*Exercise description*
Would you transcribe the records below from the line with "4-Bead Bezel Round" to the line with "EOENVIVS Clear Storage", ends included, exactly and with nothing more, leaving the pictures out?

*Information*
►
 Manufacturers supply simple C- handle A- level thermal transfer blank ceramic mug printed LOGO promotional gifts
◄
►
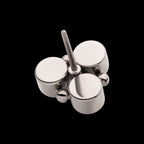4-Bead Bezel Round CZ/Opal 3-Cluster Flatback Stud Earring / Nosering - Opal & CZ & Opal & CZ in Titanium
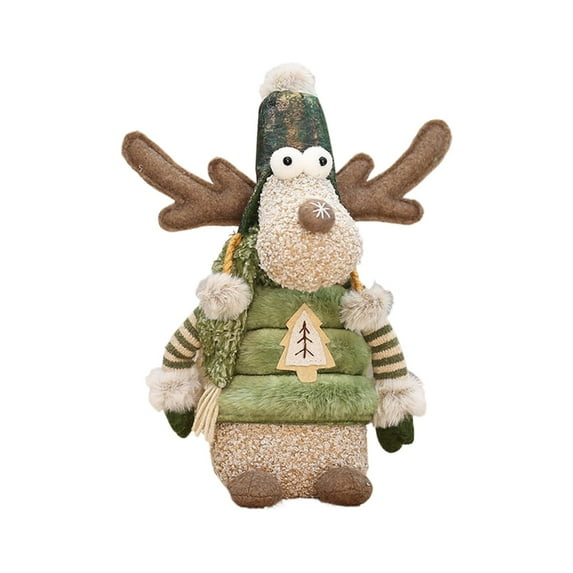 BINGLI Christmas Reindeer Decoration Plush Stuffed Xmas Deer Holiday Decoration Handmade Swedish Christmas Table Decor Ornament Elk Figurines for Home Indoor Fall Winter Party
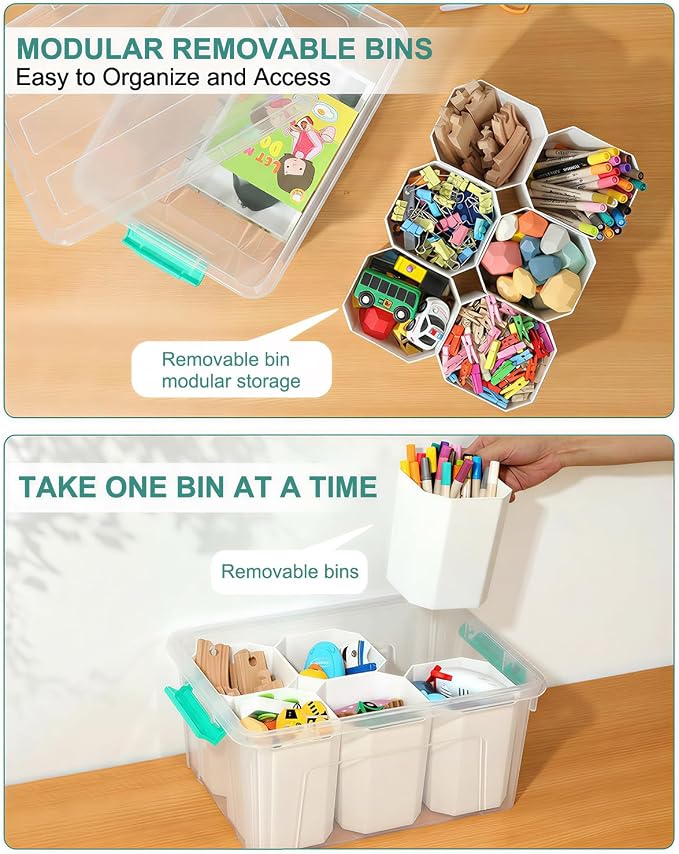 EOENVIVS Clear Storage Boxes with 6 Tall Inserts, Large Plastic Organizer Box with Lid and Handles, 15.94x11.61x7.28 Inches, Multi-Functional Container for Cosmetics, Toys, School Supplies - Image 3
◄
►
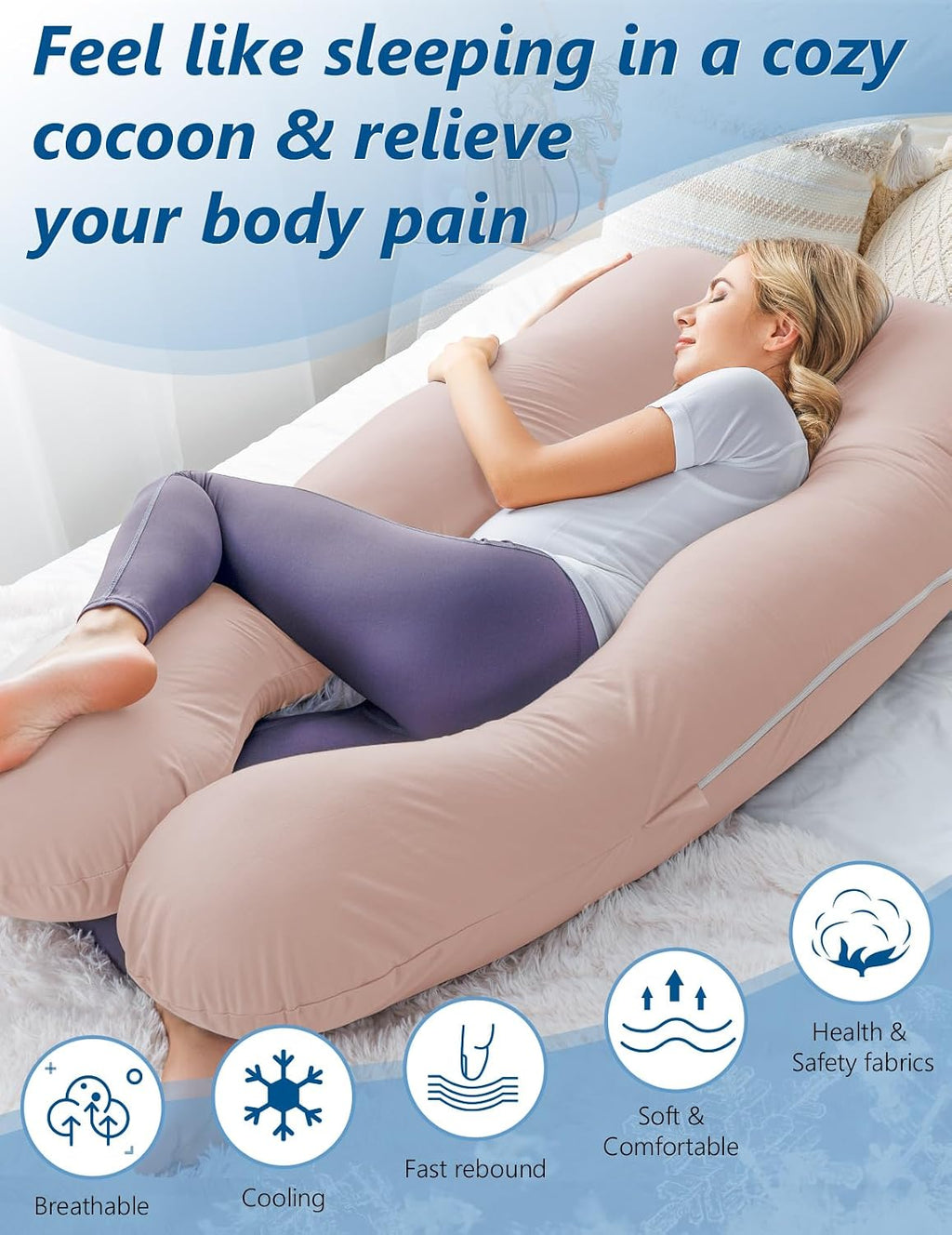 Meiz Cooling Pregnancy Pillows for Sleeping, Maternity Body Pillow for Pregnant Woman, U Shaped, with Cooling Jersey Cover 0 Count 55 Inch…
◄
*Response to this exercise*
4-Bead Bezel Round CZ/Opal 3-Cluster Flatback Stud Earring / Nosering - Opal & CZ & Opal & CZ in Titanium
 BINGLI Christmas Reindeer Decoration Plush Stuffed Xmas Deer Holiday Decoration Handmade Swedish Christmas Table Decor Ornament Elk Figurines for Home Indoor Fall Winter Party
 EOENVIVS Clear Storage Boxes with 6 Tall Inserts, Large Plastic Organizer Box with Lid and Handles, 15.94x11.61x7.28 Inches, Multi-Functional Container for Cosmetics, Toys, School Supplies - Image 3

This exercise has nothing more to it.